Don't Let their Tactics Throw you off Balance
by Rhiannon Nachbaur of Award-Winning Fiddleheads Violin Studio
It's Spring Break and the flowers are in bloom, but there's no flowered scent to the rancid air in the red light district. A matted cat scurries away from a dumpster as I pass, making my way across the littered sidewalk to a dirty little shop with a twitching neon sign, "Pawn Here."
As I approach the cracked glass counter I sense other customers' eyes on me. I don't look like I belong here in designer boots with my sweet little 5-year-old son at my side. My son points timidly at a large rusty knife with a skull engraved in the side and I'm suddenly guilty that I've dragged him into such a seedy place.
"I hear you have a violin," I say to the rugged, hunched man behind the counter. I say it in a sweet, treble tone that make me further stand out in a "I'm just a girlie girl with too much money who knows nothing about violins" sort of way.
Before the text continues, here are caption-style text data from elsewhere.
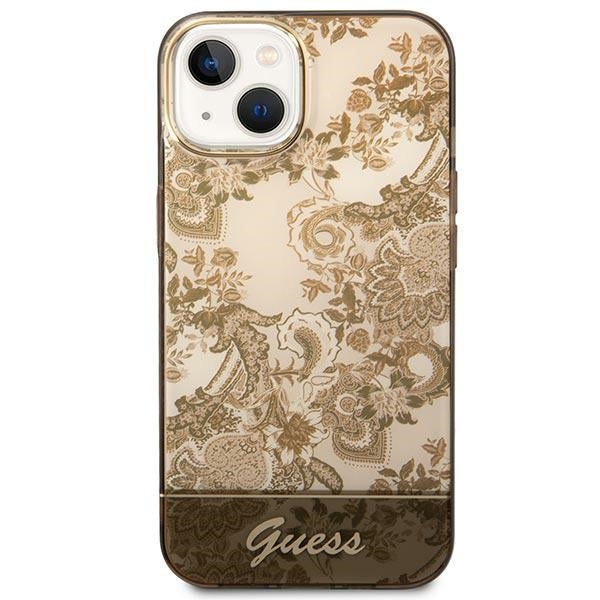 Guess dėklas iPhone 14 Plus – ochros, Porcelain -- iPhone 14 Plus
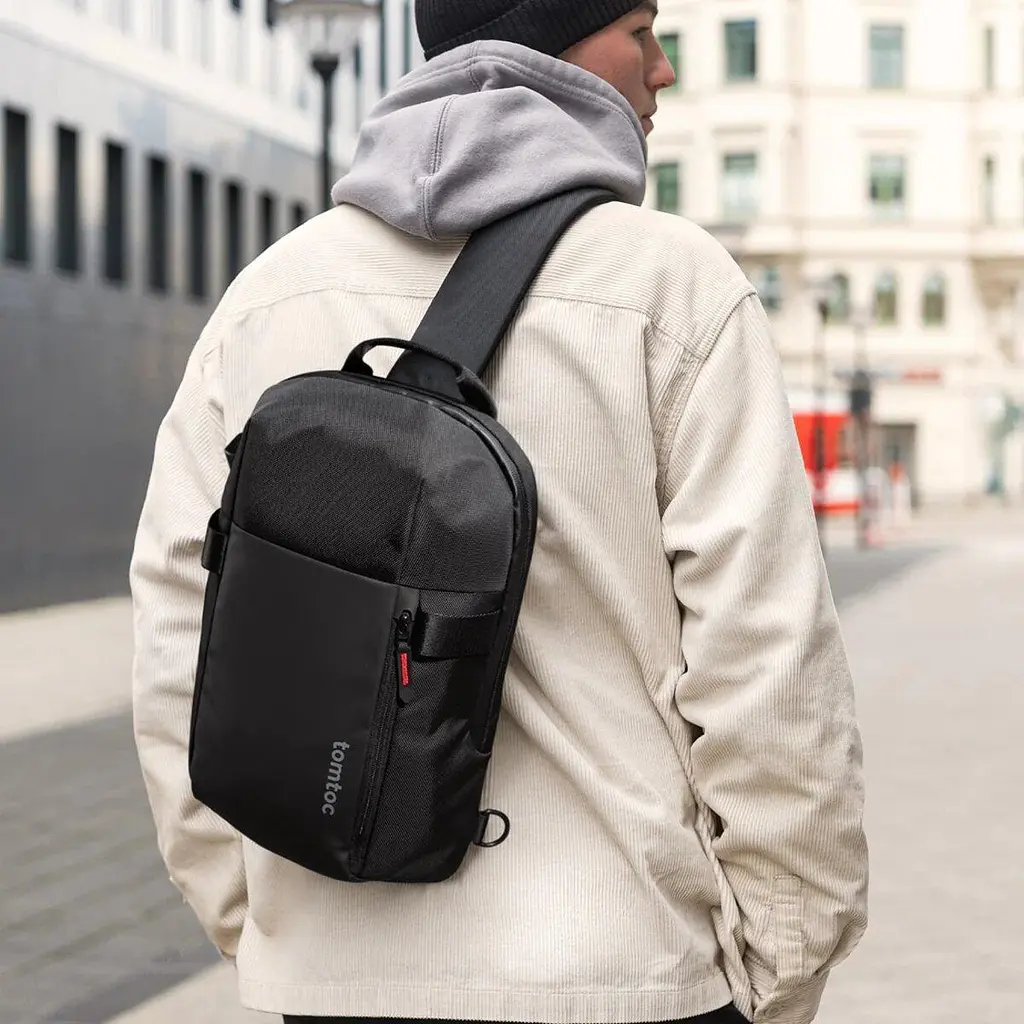 Сумка для ноутбука Tomtoc Navigator-T24 Sling Bag Black 14 Inch/7L T24M1D1 - фото 8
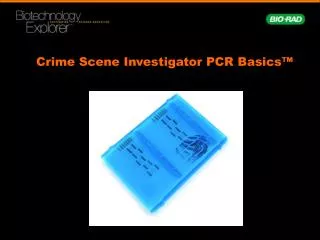 Crime Scene Investigator PCR Basics™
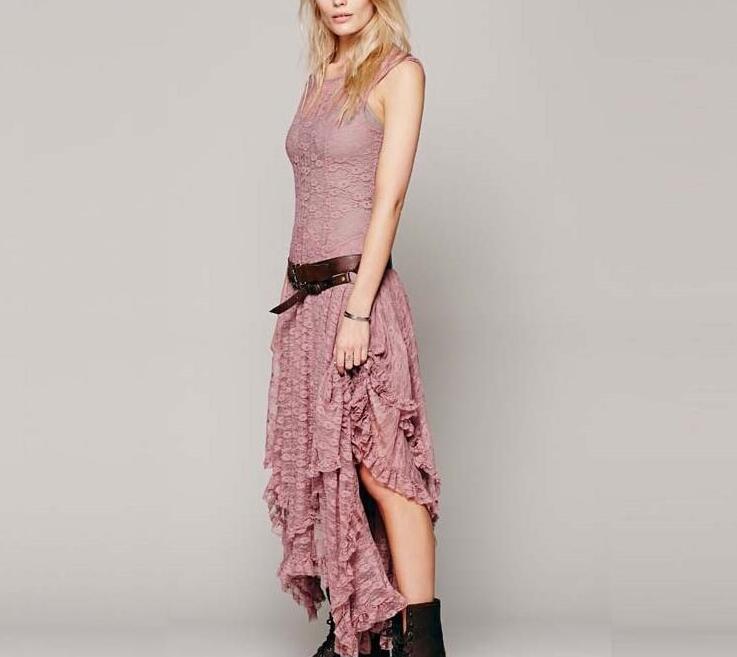 Damen Festliches Kleid mit voluminösem Rock und raffinierten Rüschendetails Drune
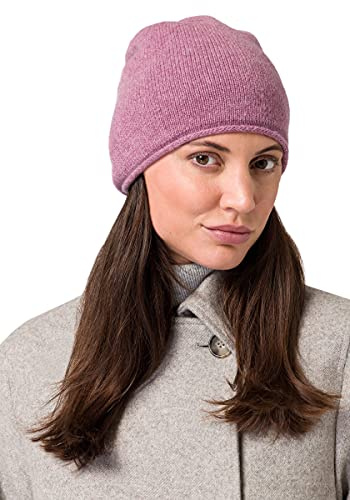 Style & Republic Beanie aus Kaschmir, Mütze aus 100% Kaschmir, Einheitsgröße mit 50cm Bundumfang, Unisex (Dull Rose)…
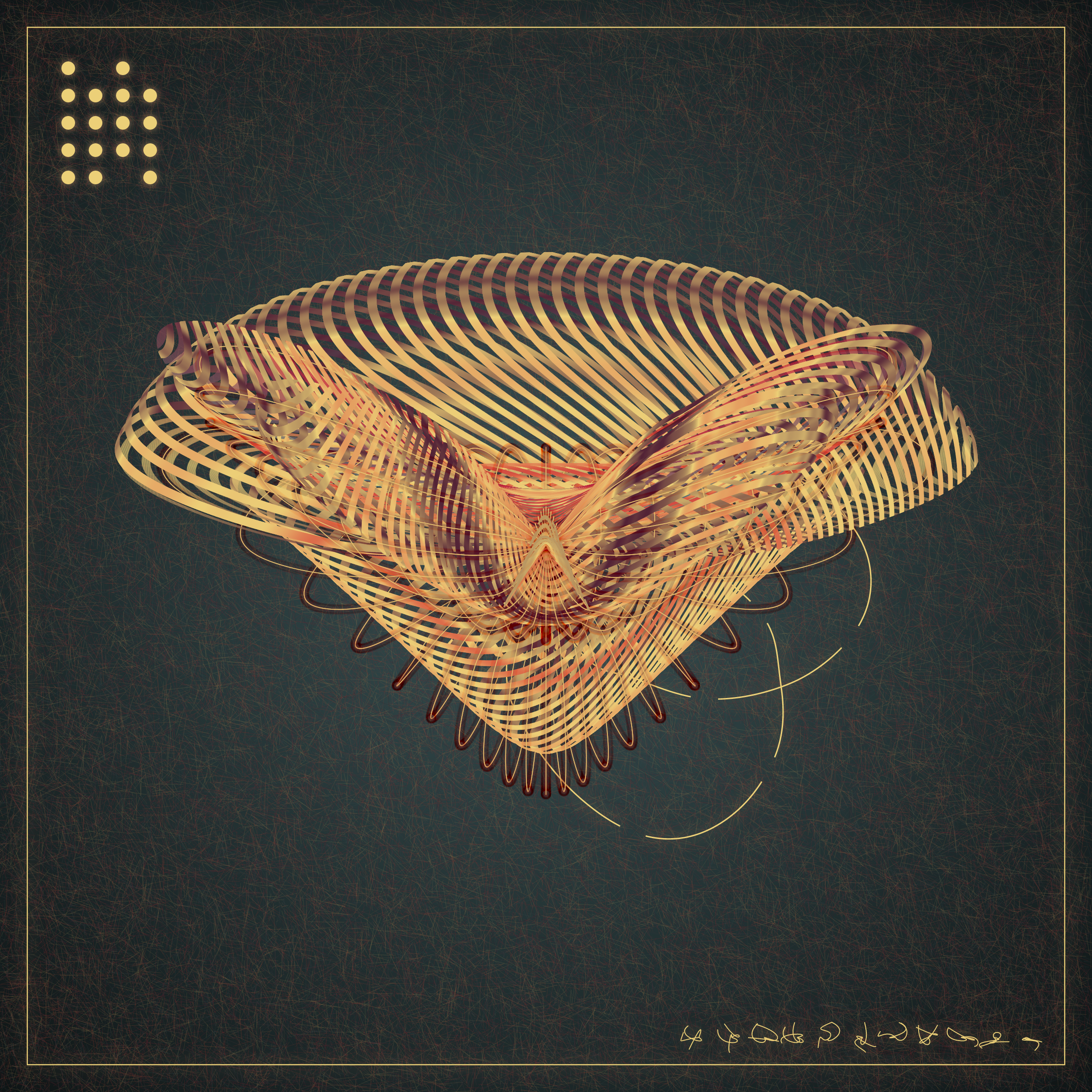 Art Blocks - Art Blocks v2 - Alien Insects #503 - NFT # 137000503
Truth be known, I am a violinist and a violin shop owner. I'm not an expert in advanced violin authenticity, but I know a good violin when I see one and I also know when to run away screaming when it's junk. I'm here with hopes that the violin in question is worth repairing and restringing so it may be sold cheap to a student on a budget, making me a little bit of cash as well for the trouble.
My hopes are not high that this will happen, but every so often there is something worth picking up. I don't volunteer this information as past experiences have proven this always unreasonably jacks up the price about 400%. I'm not here to gouge the guy, but I don't want to be gouged myself.
I never talk people down; it's not my way of doing business. I will pay if I like the asking price, if not I just walk away. With these guys I act like I know nothing and I can usually get it at an appropriate price.I will have to dance the dance to keep this transaction fair.
The man behind the corner clears his throat loudly and eyes me suspiciously. I blink twice and smile, pink lipgloss shimmering in his clouded eyes. He glares again, slowly turns then limps to a back room, shouting over his shoulder something about how he has to go to the "special room" where rare instruments are kept.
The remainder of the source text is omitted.